Opinião Pública

A liberdade de expressão na TV tem nome: Sílvia Jafet

Redação DM

Publicado em 5 de dezembro de 2023 às 11:00 | Atualizado há 2 anos

Ano de 76. Estávamos na ditadura. Censura vigendo e censores plantados nas redações. Havia um pedaço da paulicéia desvairada onde ainda se respirava liberdade. Ele ficava (e ainda fica) ali no Morumbi. Endereço: Rua Radiantes, 13.

Vivi essa epopéia. Eu tive a felicidade de estar ali e sou testemunha de momentos históricos de desafios históricos na TV Bandeirantes, ainda embrião de rede.

Entre redação, câmeras e holofotes, vi e vivi o destemor de uma mulher determinada, ousada, audaciosa, destemida: a jornalista Silvia Saad Jafet, a grande comandante do departamento de jornalismo da TV Bandeirantes.
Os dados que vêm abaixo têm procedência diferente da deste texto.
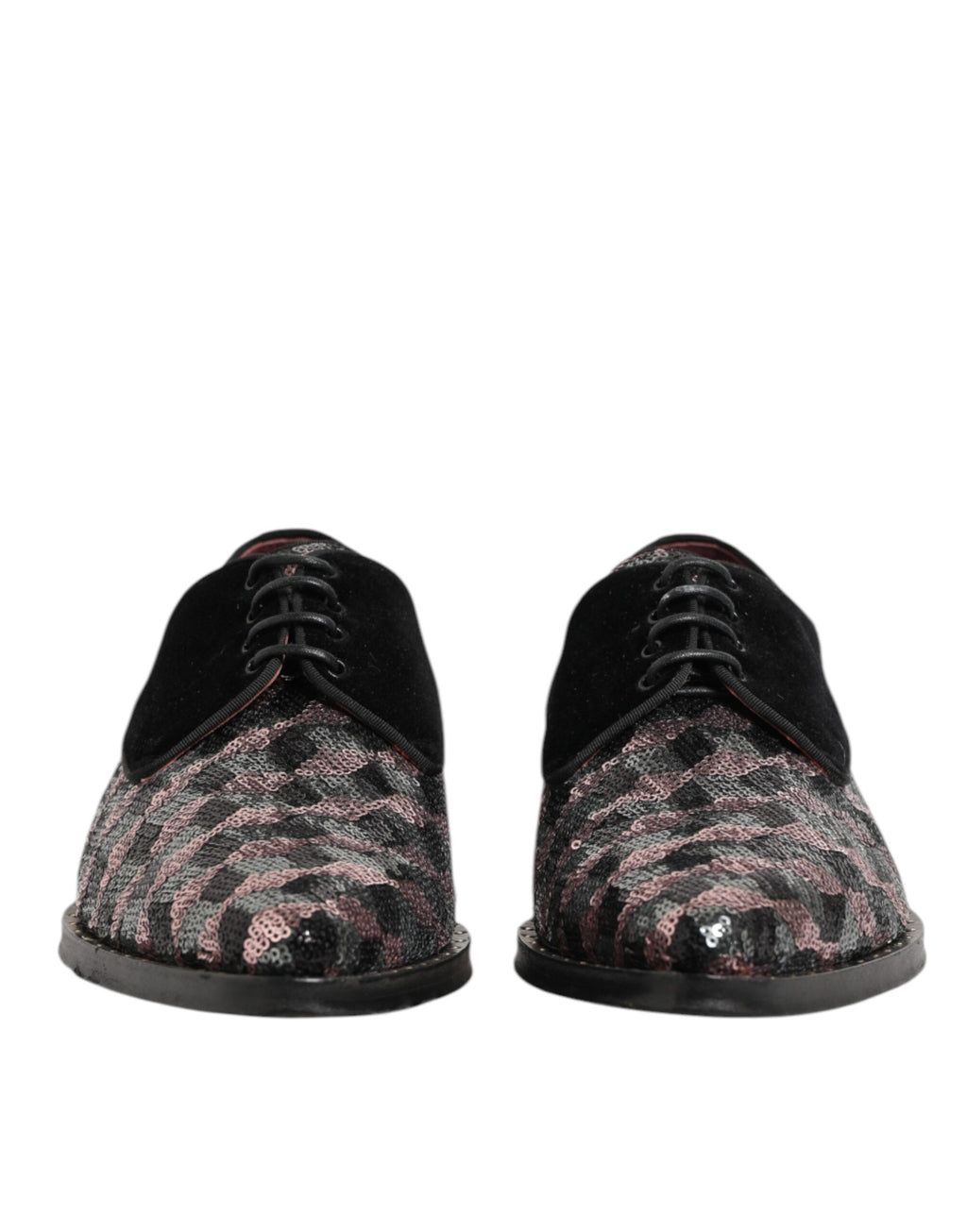 Black Velvet Multicolor Sequin Derby Men Shoes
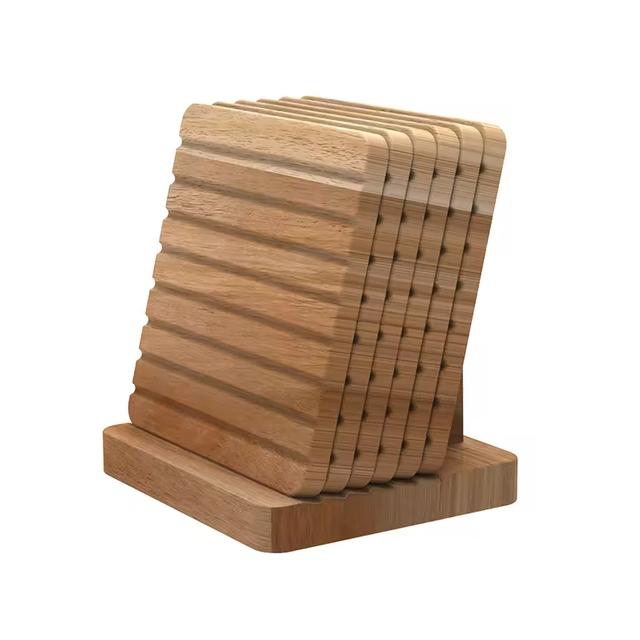 Factory Direct Huina Anti-scalding Non-slip 4pcs Wooden Solid Wood Customizable Color Modern Style Table Mat Cup Coaster for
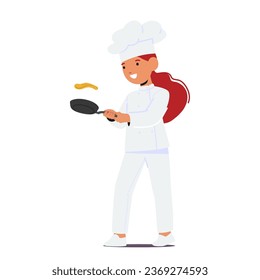 Young Chef Girl Character With A Gleeful Grin, Expertly Flips Pancakes In A Sizzling Pan, Creating Golden-brown Perfection With A Touch Of Childhood Magic. Cartoon People Vector Illustration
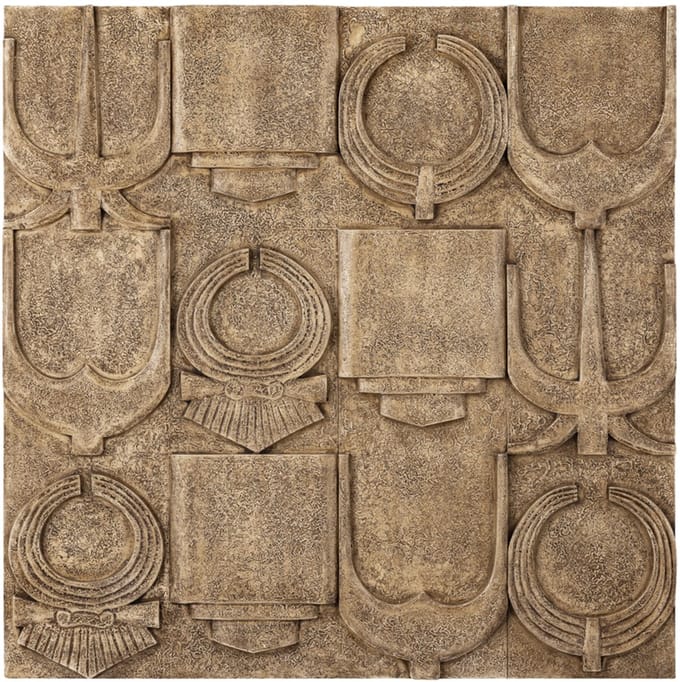 PTMD Saku Beige MDF Aancient Symbols Antique Wall Panel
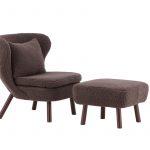 Fauteuil Rye tissu teddy marron avec repose-pieds (11) Fauteuil de salon Hadol à dossier haut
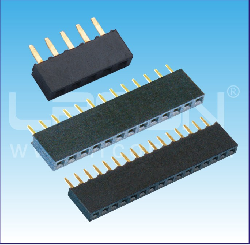 1.27mm間距 單排母 U型 180度 塑高=2.1mm / 1.27mm Pitch Female Header Single Row Straight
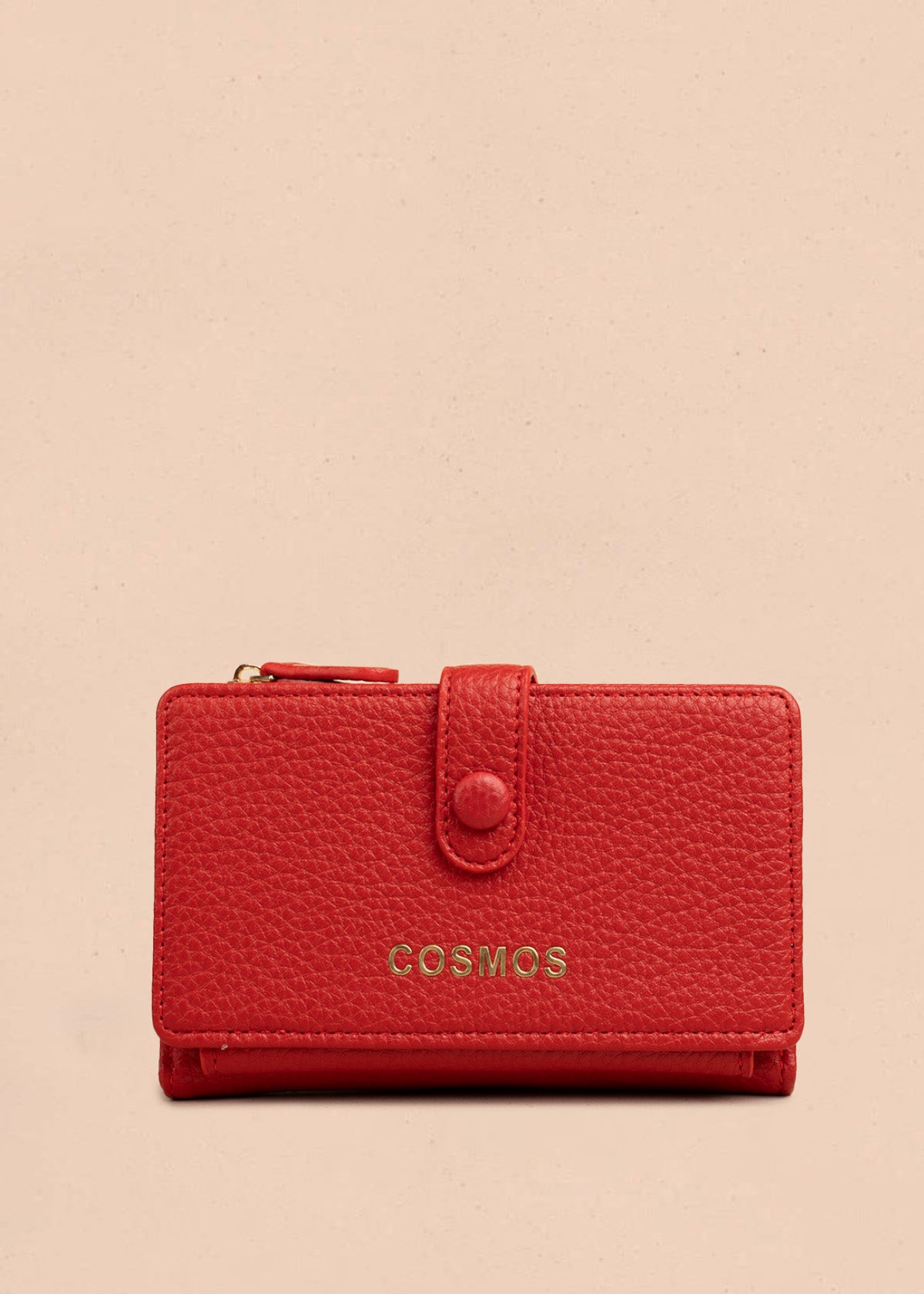 Billetera grande color rojo con broche y logo dorado COSMOS 106782
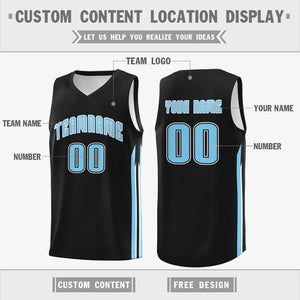 Custom Black Light Blue Classic Tops Sport Game Basketball Jersey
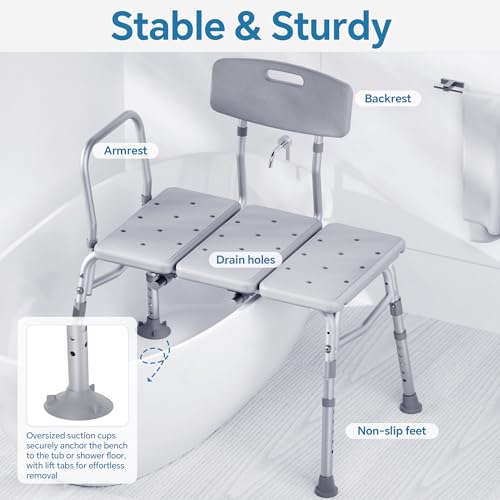 HOMLAND Tub Transfer Bench with Backrest for Bathtub, Height Adjustable | 400 lbs, Slip-Resistant Feet, Sturdy Aluminum Heavy Duty Shower Chair, Safer Bathing Aid Bench for Elderly and Disabled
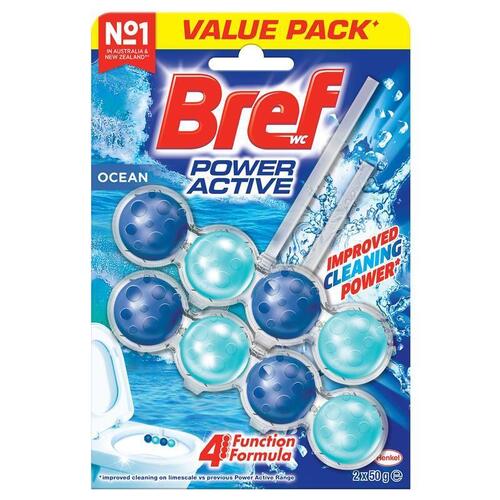 Bref Power Active Toilet Cleaner Ocean Breeze Twin Pack 100g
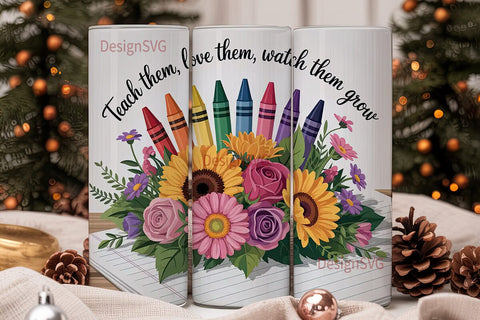 Teacher Crayon Flowers 20oz Tumbler Sublimation DesignSVG 
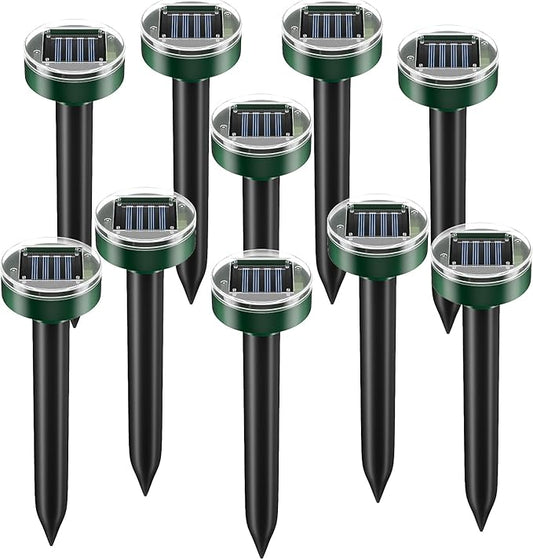 Solar Powered Mole Repellent 10 Packs, Pet-Safe Ultrasonic Pest Repeller, Waterproof Snake Gopher Vole Repellent for Lawn Garden, Humane Groundhog Chipmunk Deterrent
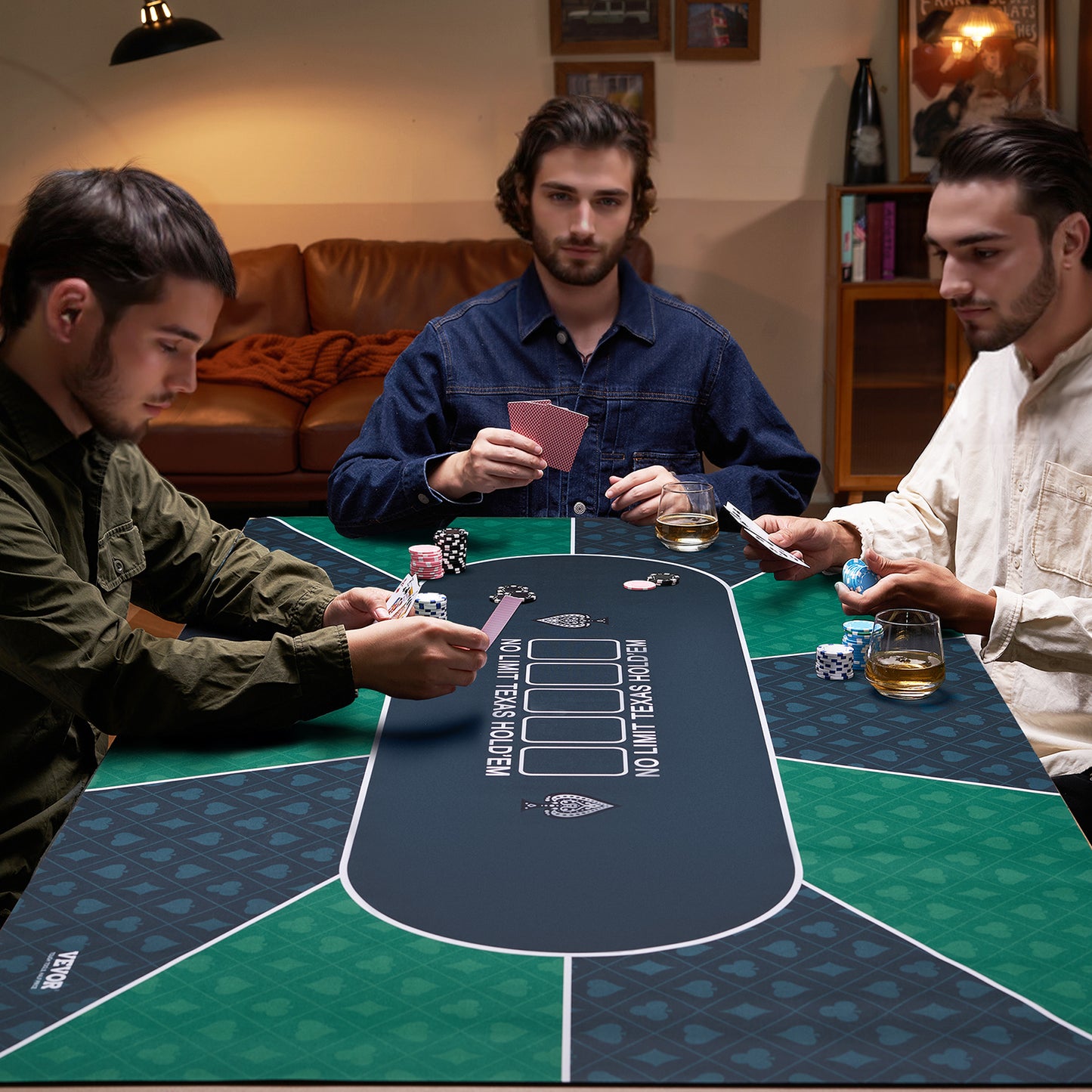 US Local VEVOR Poker Table Top 70 X 35 Inch Poker Mat 6-8 Players Foldable With Bag Green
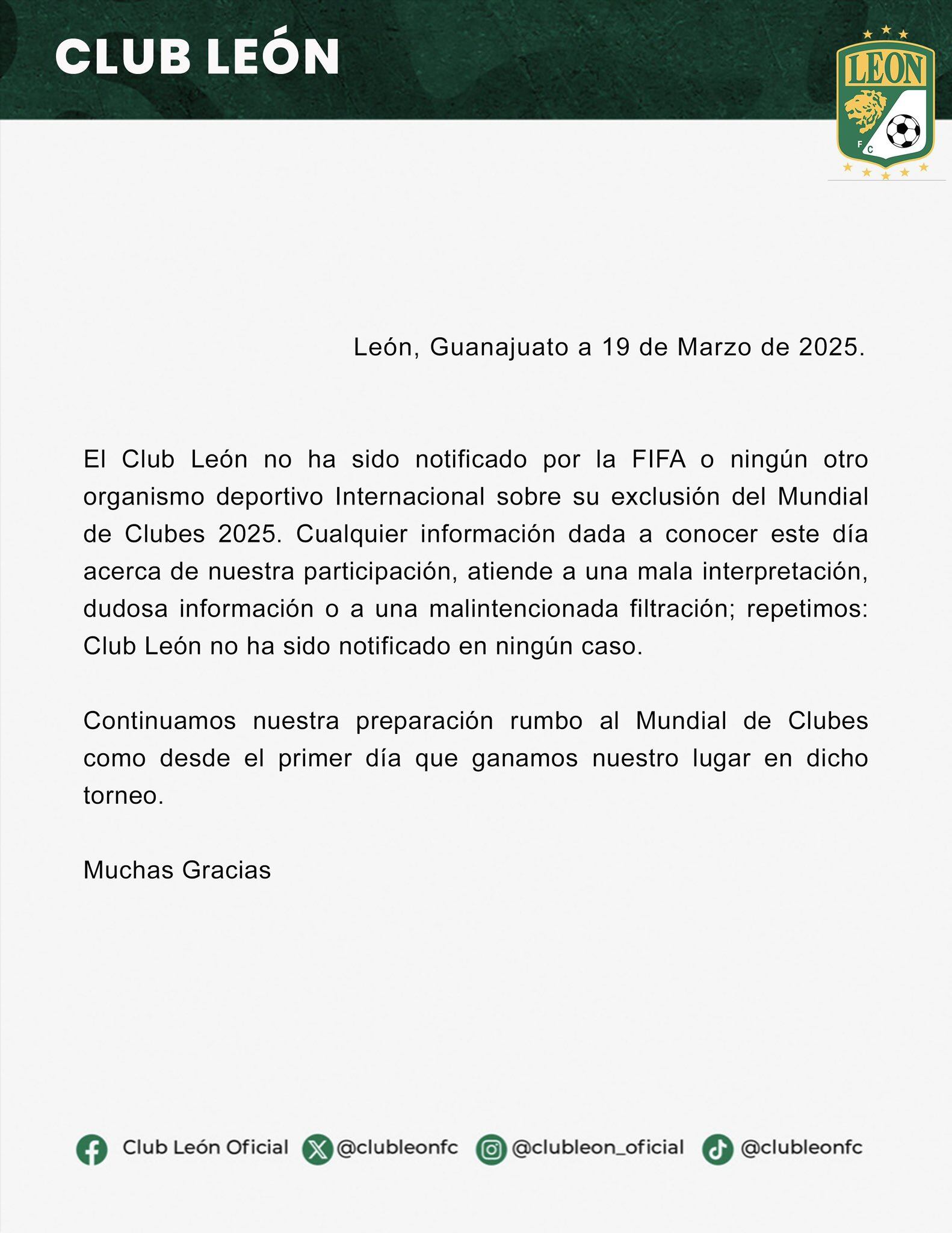 Comunicado oficial de Club León respecto al Mundial de Clubes 2025.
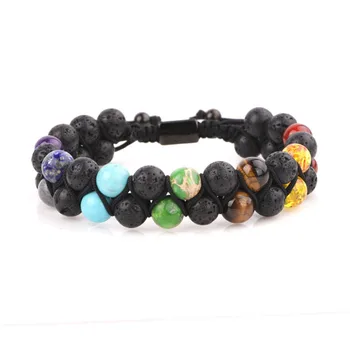 7 Chakra Healing Crystals Bracelet Yoga 8MM Lava Stone Beads Bracelets Meditation Relax Anxiety Bangle for Women Men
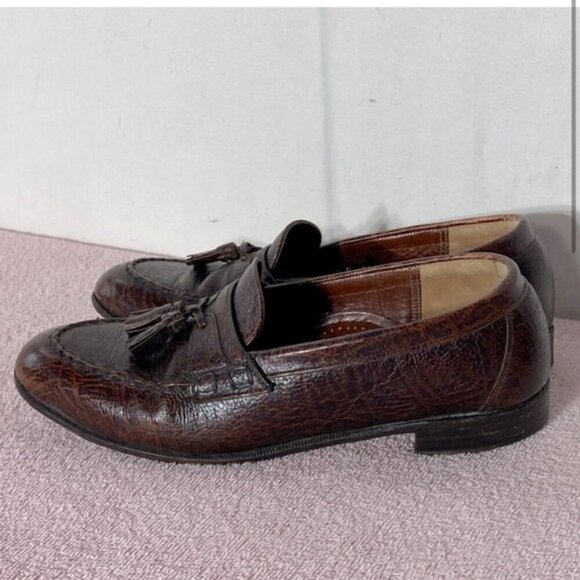 Vintage Dack Brown Antelope Leather Loafers Shoes 8.5 - Picture 2 of 13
Diretora da área mais vigiada pelos militares, ela fez da casa um balão de oxigênio para a democracia e para a liberdade de expressão. Compôs uma verdadeira seleção de grandes profissionais para o seu “bunker” (que os censores chamavam de “célula comunista”): Gabriel Romero, Odair Redondo, João Victor Strauss, Carlinhos Brickmann, dentre outros. A auxiliá-la a jornalista Ana Maria Paes Barreto, velha amiga e companheira de batalhas.

Foi com esse time que ela escreveu a história do jornalismo desafiador do regime. Não poucas vezes, em épocas recentes, eu lhe medi a grandeza do seu feito. Sílvia sorri e diz: “O feito é do senhor João” (o saudoso João Jorge Saad, tio dela e dono da TV).

A Sílvia nunca quis louros e nem lutou por eles. Apenas fez jornalismo. Sou testemunha desta página que não pode ser esquecida. Vi e vivi os momentos tensos em que ela abriu microfones e câmeras aos emudecidos pelo sistema. Foi nessa época que surgiu um líder sindical até então ignorado por todos. Eu o conheci há 46 anos, quando, acompanhando o repórter João Russo, fui a São Bernardo do Campo para entrevistá-lo pela primeira vez. Atrás de uma mesa e de farta barba, o metalúrgico Luiz Inácio nos recebeu.

Ali estava o carismático Lula. Jeito simples, mas firme em suas posições. Foi nesse dia que o Brasil passou a conhecer quem era e quais as ideias daquele líder sindical que já preocupava os generais. A Bandeirantes o mostrou ao país. E as suas ideias e os seus mais importantes momentos.

A TV dava aos trabalhadores vez e voz. Sílvia soube como fazê-lo. Inesquecível o resultado dessa liberdade construída por ela e equipe. Espaço para todos. Sem engajamento político-ideológico, era apenas e tão somente o direito de informar, de mostrar os fatos.

Em 1979, o Brasil viveu o clímax e o primeiro susto dos militares. A greve geral dos metalúrgicos do ABC mostrou o rápido avanço da organização dos trabalhadores, que, a partir dali, passaram a desafiar a ditadura. Cerca de 200 mil participaram do movimento, paralisando as indústrias automobilísticas. Imagens da greve nas tevês, mas as falas de Lula e grevistas só apareceram na Bandeirantes.

Mantendo essa posição de equilíbrio e responsabilidade, o jornalismo comandado por Sílvia foi, gradativamente, ganhando espaço dentro da programação e muita coisa boa aconteceu a partir.

Dentre elas, o histórico Canal Livre. Era o começo de uma nova história. Registro aqui essas memórias para fazer justiça, ainda que por este humilde escriba, a essa grande jornalista e grande mulher Silvia Saad Jafet. A liberdade de expressão e o jornalismo brasileiro devem muito a ela. A Bandeirantes, também. A ela ofereço estas linhas, simples mas verdadeiras, em tributo a uma profissional a quem muito devemos. Deus com você, querida Sílvia.